Combined Gas Law
A cylinder container contains a gas with a volume of 30 L, a pressure of 110 kPa, and a temperature of 420 K. Find the temperature of the gas which has a volume of 40 L and a pressure of 120 kPa.
Even though the Combined Gas Law is a more detailed formula, do not get intimidated. Like Boyle's Law and Charles' Law, we first need to identify all of our values. Again, we need to look at the formula to do this.
Formula:
P1 x V1/T1 = P2 x V2/T2
For this Combined Gas Law Problem, we are going to use the simplified formula to find our missing variable, which happens to be T2 in this case.

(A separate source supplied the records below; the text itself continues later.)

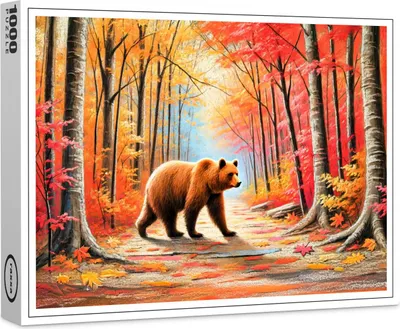 Image de raxxa Premium-Puzzle "Ours brun dans une forêt d'automne", 1000 pièces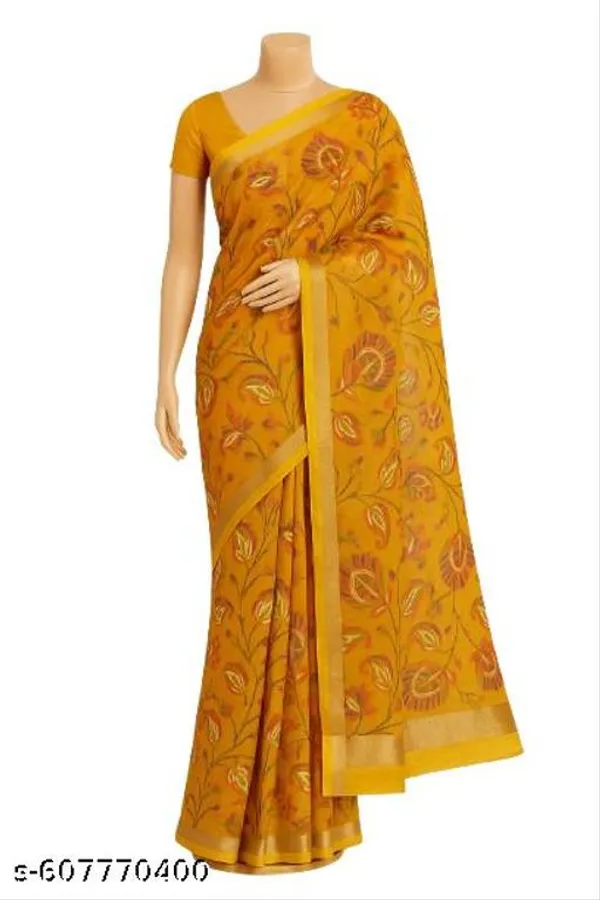 Yellow_New_Arrival_Ratna_3_Yellow_Bandhani_Printed_Saree_For_Women_Cotton_Silk_Saree_With_Blouse_Lightweight_Saree_With_Zari_Border_Festive_Party_Daily_Wear_Saree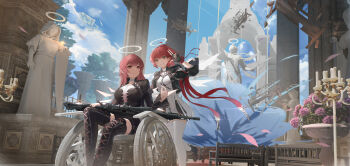 Rule 34 | 2girls, absurdres, arknights, black gloves, black jacket, boots, commentary request, cropped jacket, detached wings, energy wings, exusiai (arknights), exusiai the new covenant (arknights), fingerless gloves, gloves, gun, halo, highres, jacket, lace-up boots, lemuen (arknights), long hair, long sleeves, looking at viewer, medium hair, miguan pt, multiple girls, parted lips, pink hair, red hair, rifle, shirt, sitting, smile, sniper rifle, solo, thighhighs, traditional halo, weapon, wheelchair, white shirt, white thighhighs, wide shot, wings, yellow eyes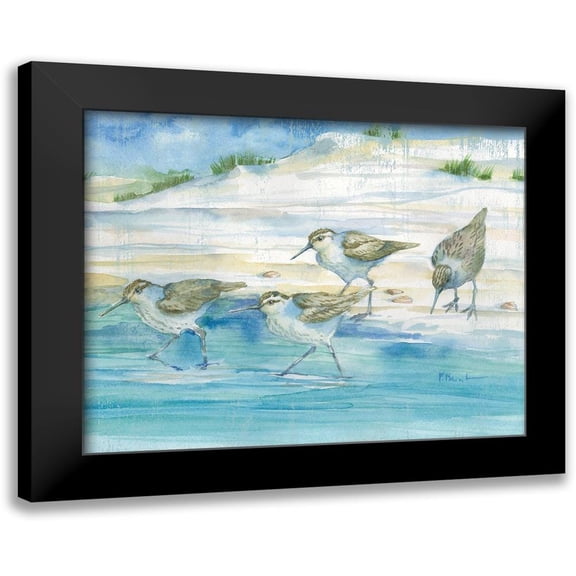 Brent, Paul 14x12 Black Modern Framed Museum Art Print Titled - Sandy Sandpipers II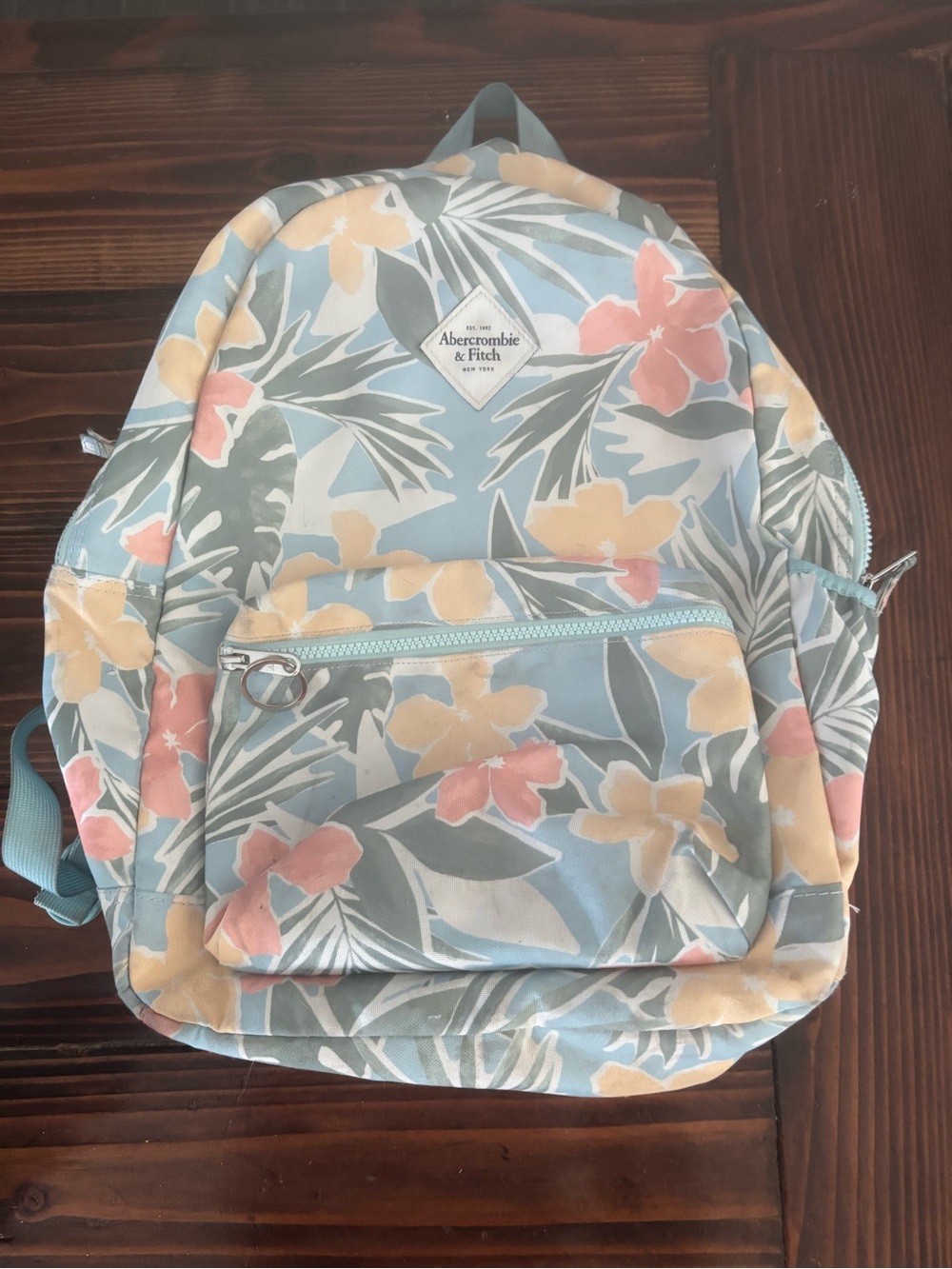 Abercrombie & Fitch Pastel Floral Backpack in Light Blue, Peach & Yellow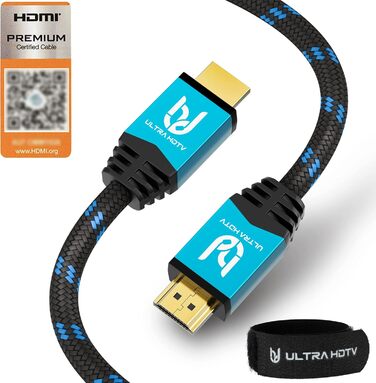 HDMI 2.0b кабель 4K 2 метри для домашнього кіно та геймінгу | Підтримка 4K@60Hz, HDR10+, Dolby Vision, ARC | Сумісний з PS5, Xbox Series X, UHD TV, Blu-Ray Player | Синій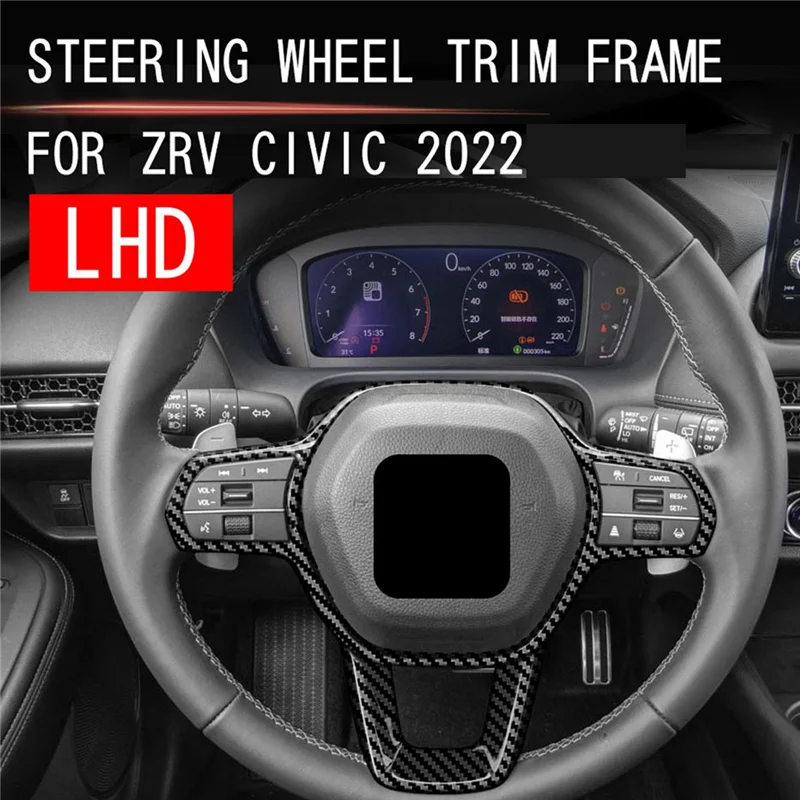 

For 2022 2023 Honda ZRV ZR-V Civic HRV HR-V US version Car Carbon Fiber Steering Wheel Panel Cover Trim Frame Sticker jasmine
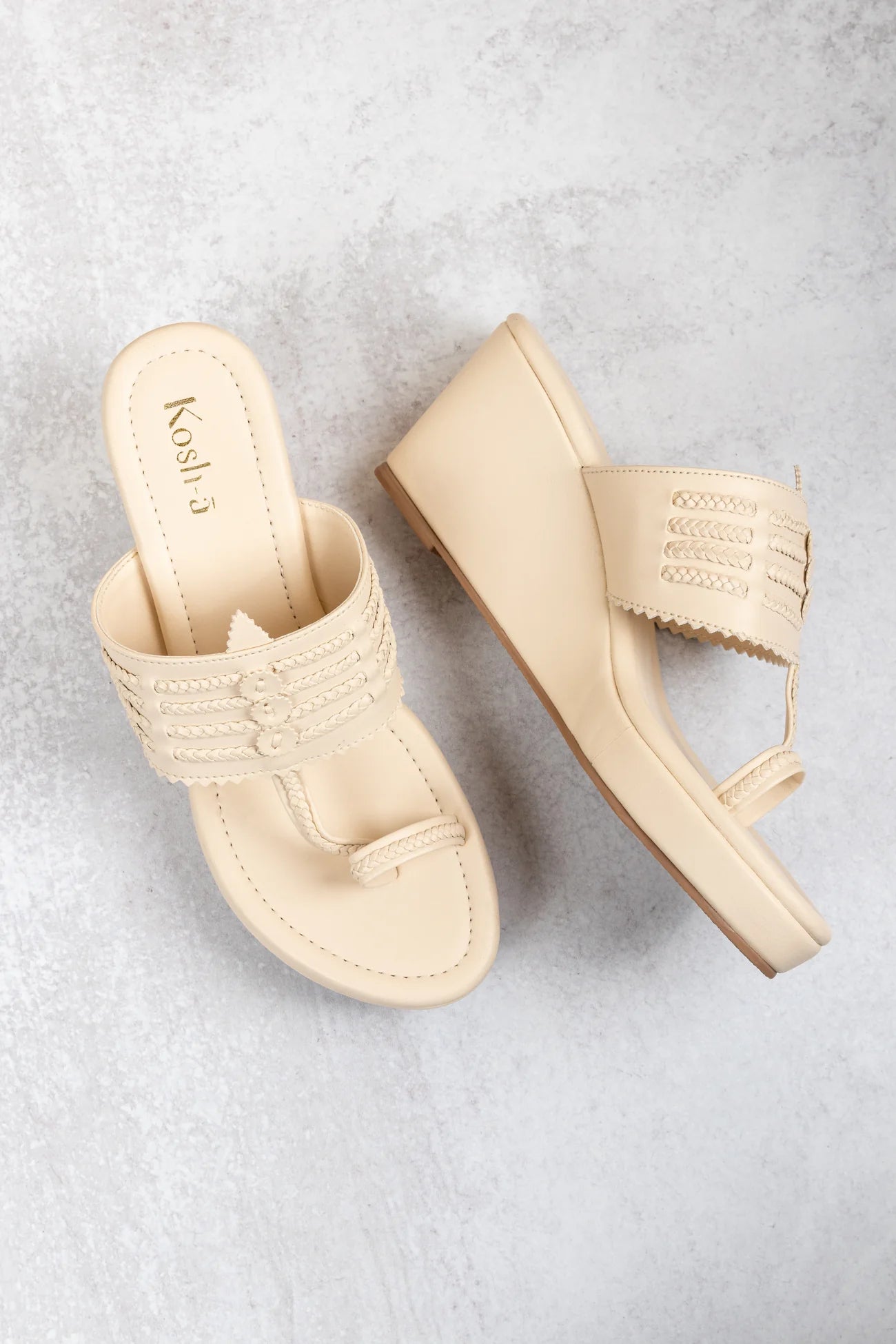 Cream Wedge Sandals For Women
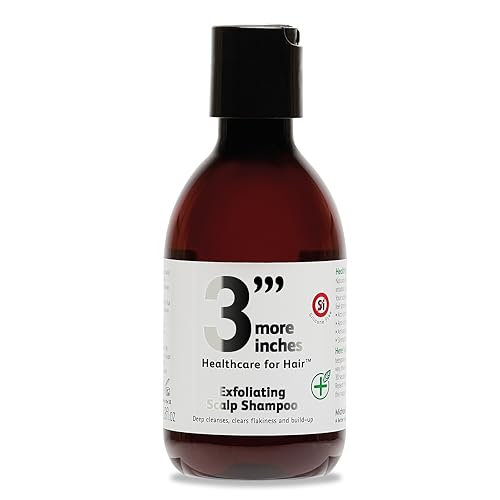 3'''More Inches Exfoliating Scalp Shampoo 250ml - Shampooing exfoliant pour le cuir chevelu - Traitement détoxifiant du cuir chevelu - Élimine les pellicules et les accumulations - Sans silicone
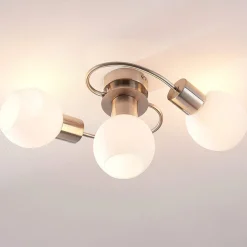 Lindby taklampe Ciala, 3 lys, nikkelfarget, glass| Design- Og Hotellbelysning|Taklamper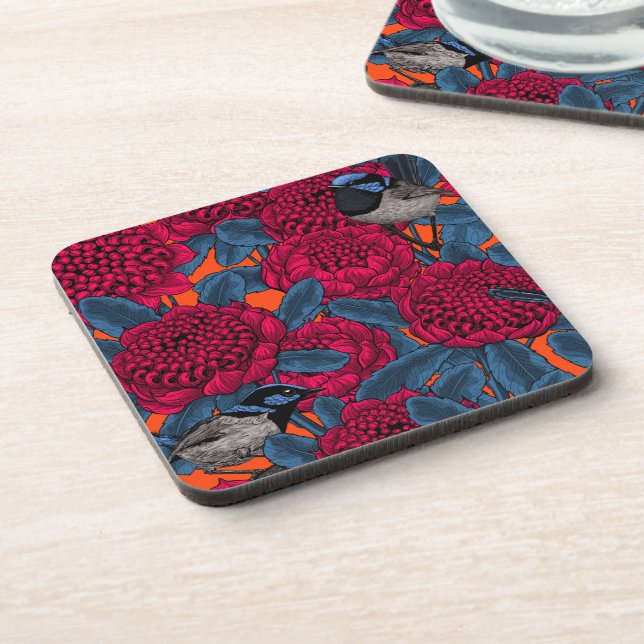 Red waratah and fairy wrens beverage coaster (Left Side)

We will be using
T2 = P2 x V2 x T1/ P1 x V1
Our list will look like this:
P1 = __
V1 = __
T1 = __
P2 = __
V2 = __
T2 = __
Now, let's fill in the blanks with what we know.
P1 = 110 kPa
V1 = 30 L
T1 = 420 K
P2 = 120 kPa
V2 = 40 L
T2 = ?
Now, let's plug our values into the formula: T2 = P2 x V2 x T1/ P1 x V1
T2 = (120 kPa)(40L)(420 K)/ (110 kPa) x (30 L)
T2 = (2016000 kPa/L/K) / 3300 kPa/L
Divide 2016000 by 3300 and cancel the units
T2 = 610.9 K
The answer is 610.91 K due to significant figures and the fact that temperature will always be expressed in Kelvin. In this problem, using the formula specific for the T2 variable was much easier. Though using variable specific formulas for Boyle's Law and Charles' Law are acceptable and will provide you with the right answer, they are very easy to work with in their original form. You should honestly only need to use the variable specific formulas for the Combined Gas Law, but it is up to personal preference.